CUADRILLA/PAThe tremor caused by fracking could be felt eight miles away. North Yorkshire county council’s planning officers have recommended the Burniston scheme’s approval despite the opposition of Scarborough town council.
Friends of the Earth campaigners have urged the government to close the “loophole” in its fracking moratorium.
In October Ed Miliband, the energy secretary, vowed to ban fracking, warning the drilling was “dangerous and deeply harmful to our natural environment”.
Friends of the Earth fears that this pledge will not live up to expectations if the low-volume fracking technique can continue. It expressed concern over the energy minister Michael Shanks’s remarks in December, that the evidence base “is not there at the moment to suggest that low-volume hydraulic fracturing activities have the same associated risks as fracking for shale gas”.

In a paper commissioned for Friends of the Earth, Haszeldine found that proppant squeeze caused “equally large and equally unpredictable” tremors as higher-volume fracking methods.“[Europa] is exploiting this loophole in the government’s definition,” Haszeldine said. “If we want to stop fracking the government has to have a tighter definition.”
While the Labour government ended new licences for onshore oil and gas, it has not revoked the 77 licences for exploration. Together with the “loophole” in the fracking definition, this means that companies possessing those licences may seek to conduct “mini-fracking” operations in other parts of the country. Those licences are held in the north of England, the East Midlands, the south and southeast.
“It’s clear that other companies are watching what is going on [at Burniston],” Haszeldine said. “This is not the only application in the country that is attempting to circumvent the fracking ban.”

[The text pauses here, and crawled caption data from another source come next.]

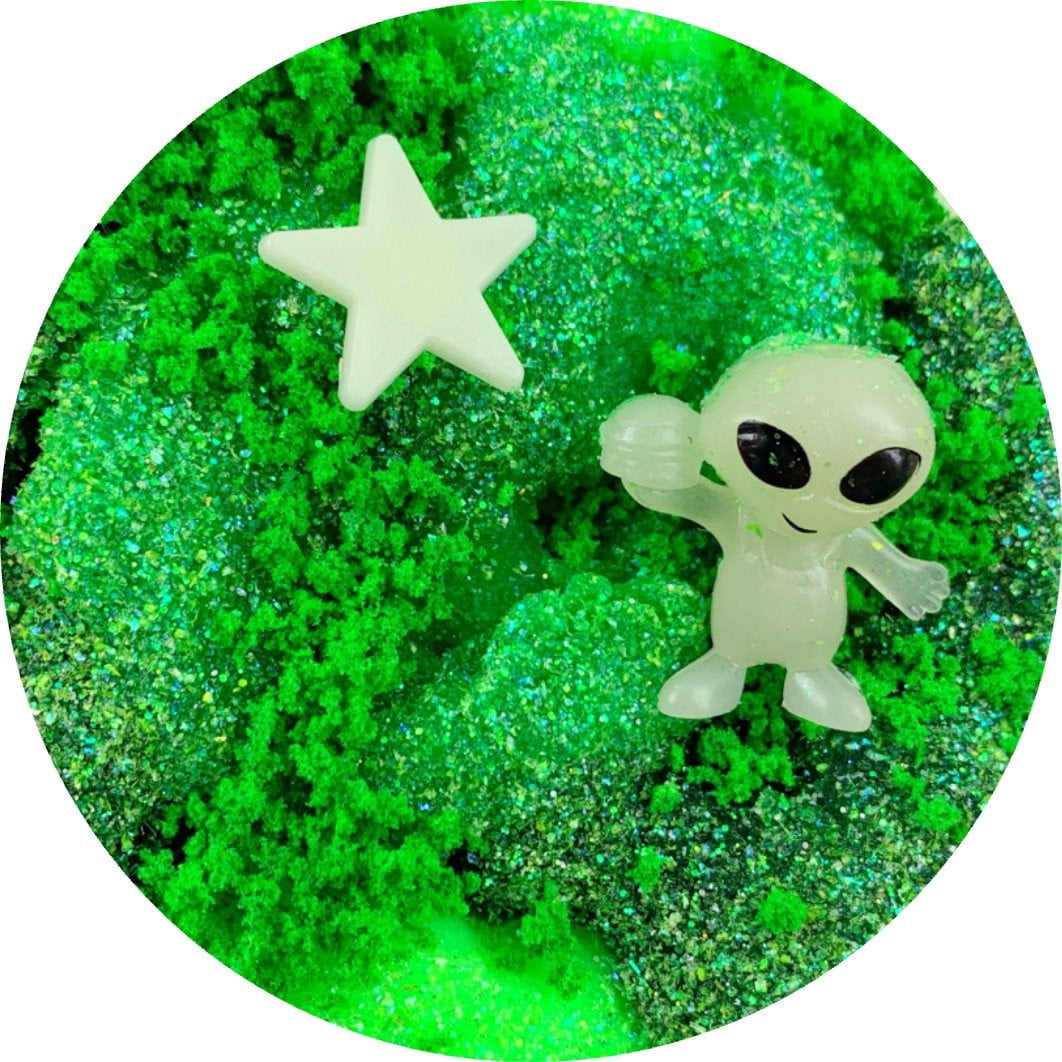 Area 51 Abduction Cloud Slime - Shop Slime - Dope Slimes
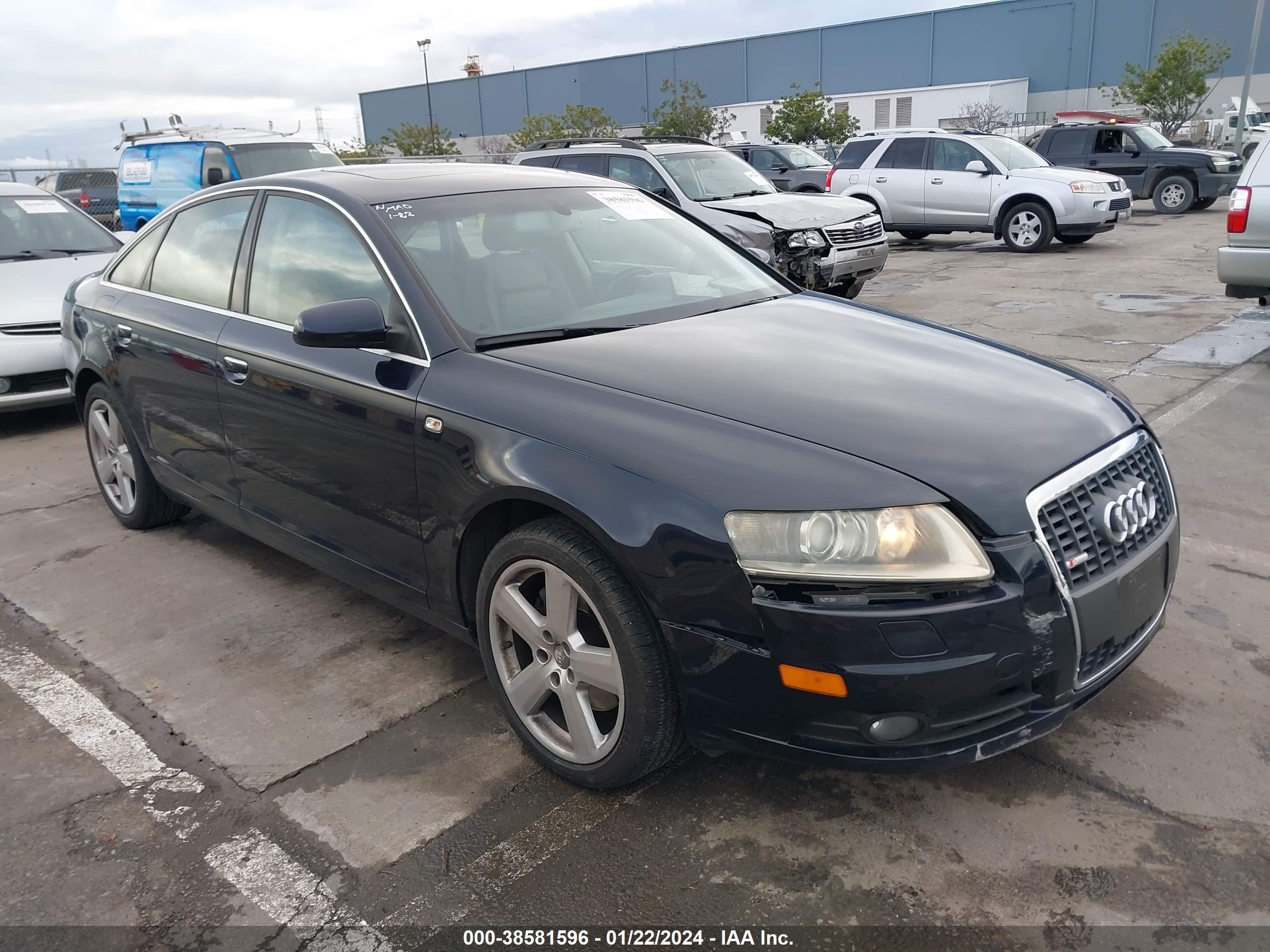 AUDI A6 2008 waudh74f98n074661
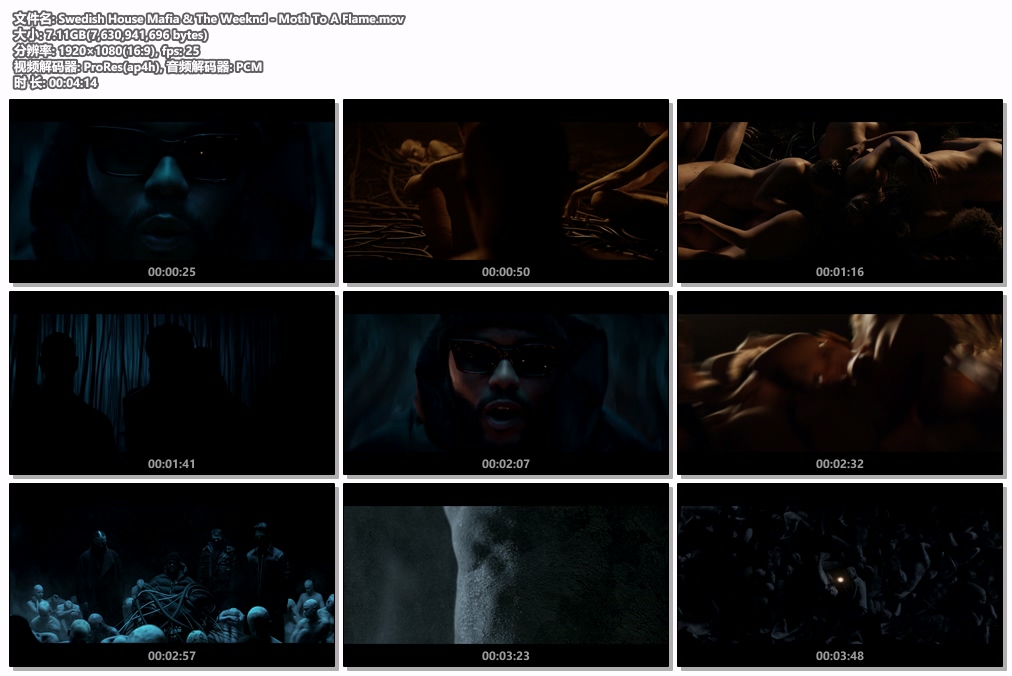 图片[2]-Swedish House Mafia & The Weeknd – Moth To A Flame 1080P [ProRes MOV 7.11GB]-蓝光演唱会资源网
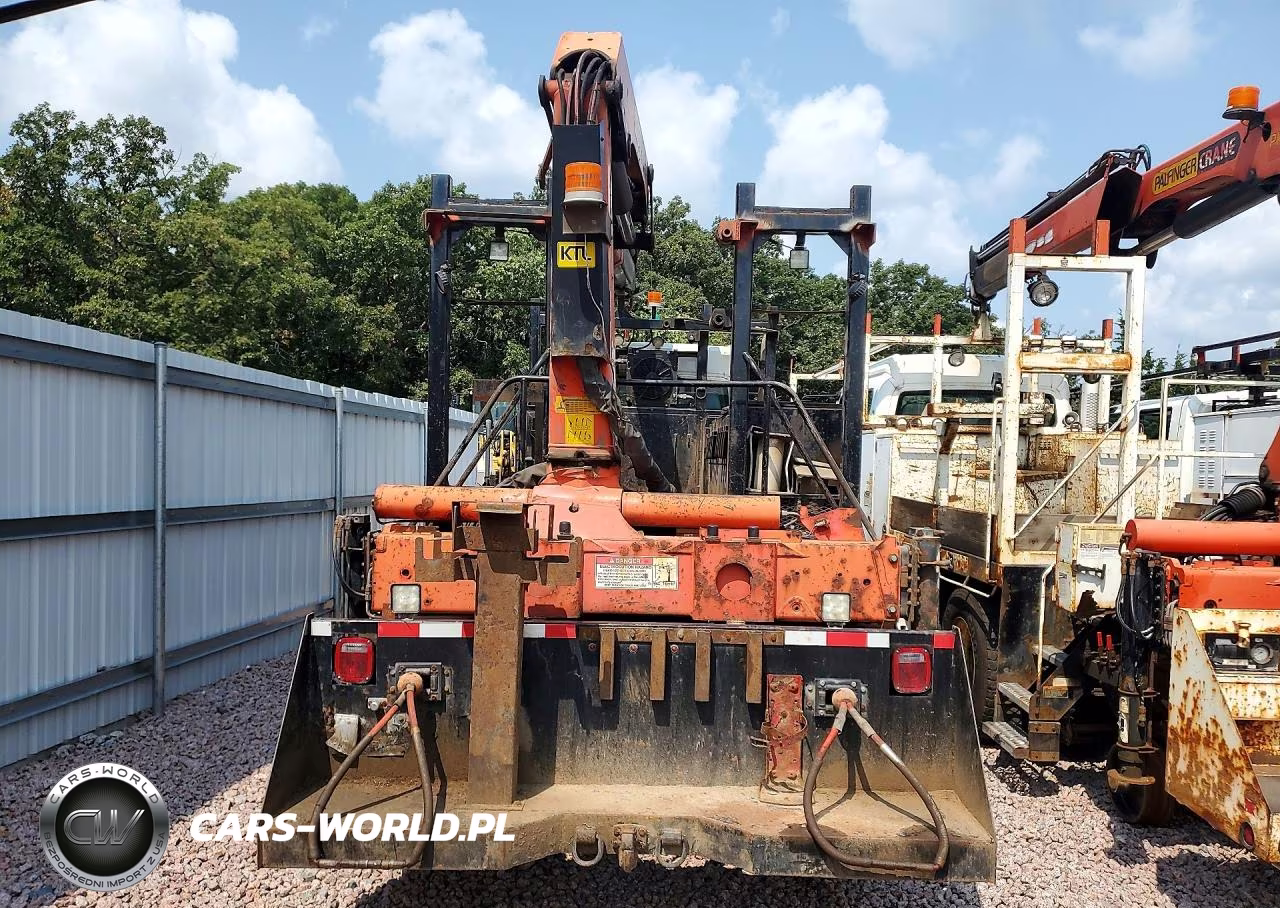 2012 Freightliner 108Sd Crane Truck VIN:1FVHG5BS8CHBW1784 - 6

Europa Oil & Gas said: “To be clear, there is no ‘loophole’ in the law as had been repeatedly stated by campaign groups and this has recently been confirmed by the Minister for Energy Michael Shanks. The proposed activity is not high volume hydraulic fracturing [“fracking”] as commonly understood, and it does not involve shale development that are subject to the UK’s moratorium. The proppant squeeze operation is a conventional well treatment that is well-established, tightly regulated, and widely used across the UK and internationally.”